# More Head Chef Troubles



## Tulsa299 (Oct 10, 2017)

Hey there guys, I'm new to the forum and came to ask for some advice, as I'm in a strange situation.

So I recently took a job that promised opportunity of movement, the restaurant is new and has been open less than a year, very few employees, it's not what I consider a functioning kitchen and I want to make it otherwise. The owner is there everyday. Besides the crass "banter" he's a good dude and a very reasonable boss.

Second in command is a "dev chef", middle aged, experienced in cooking and seemingly incompetent in many areas of his job (sorting out the check/ticket system, ordering sock, scheduling, pay, organisation, management) although not a detestable fellow.

Then we have the head chef (he started one month prior to me with no experience higher than line cook), again, good dude but I believe he's suited to being a line chef, definitely not the head chef. 

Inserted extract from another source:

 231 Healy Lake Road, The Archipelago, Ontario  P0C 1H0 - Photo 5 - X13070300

No skill in leadership, organisational skills, multi-tasking, even the basic H&S (I've been there two months and I'm yet to see him wash his hands), he consciously sends out burnt food, leaves food containers (with prep in, mid service) on the floor, doesn't put lids on them when closing, doesn't tag them, I often find moldy food when cleaning HIS sections, doesn't keep anything in any form of order and his bad skills affect my performance during service.
New staff assume I'm the HC.
Despite all that, I like the guy and don't want him fired but improved and subservient to basic systems.

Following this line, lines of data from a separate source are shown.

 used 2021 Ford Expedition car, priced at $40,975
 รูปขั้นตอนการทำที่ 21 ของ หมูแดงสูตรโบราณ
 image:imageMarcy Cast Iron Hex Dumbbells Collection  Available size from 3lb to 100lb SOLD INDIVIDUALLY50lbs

Now I'm supposed to be the sous chef and the dynamics are, I do 90% of the work, keeping in mind most of what a HC does is being temporarily done by the dev chef (that won't be the case for much longer), and HC can barely make it through a service (maybe he's better working solo but that's irrelevant). So his job is the same as mine really. We're both in our 20's, him early, me late.

I'm a strong leader and have already implemented the basics of kitchen organisation, I've whipped the Kps into shape and things have improved drastically... Well until he comes back into the kitchen and fucks it all up.

I want his title & authority, I need it to turn this stuttering restaurant into success. He (I believe), along with the dev chef are running it into the ground.

That's not to say I am the best of the best but I know I've got the skills, ability/want to learn and drive to do it with ease.

I'm becoming frustrated and am close to leaving, however, I like this place, I like the boss and want to see the place succeed. Being a sous chef (or head chef maybe) in a new restaurant is an incredible opportunity and I do not want to waste it.

I would highly value any input and thank you kindly,

Apologies for the length, 
TL;DR; I sous chef, HC suck real bad, I do his job better, wat du now?.


----------



## Cdp (Aug 31, 2017)

You have drive you have passion you have a goal. 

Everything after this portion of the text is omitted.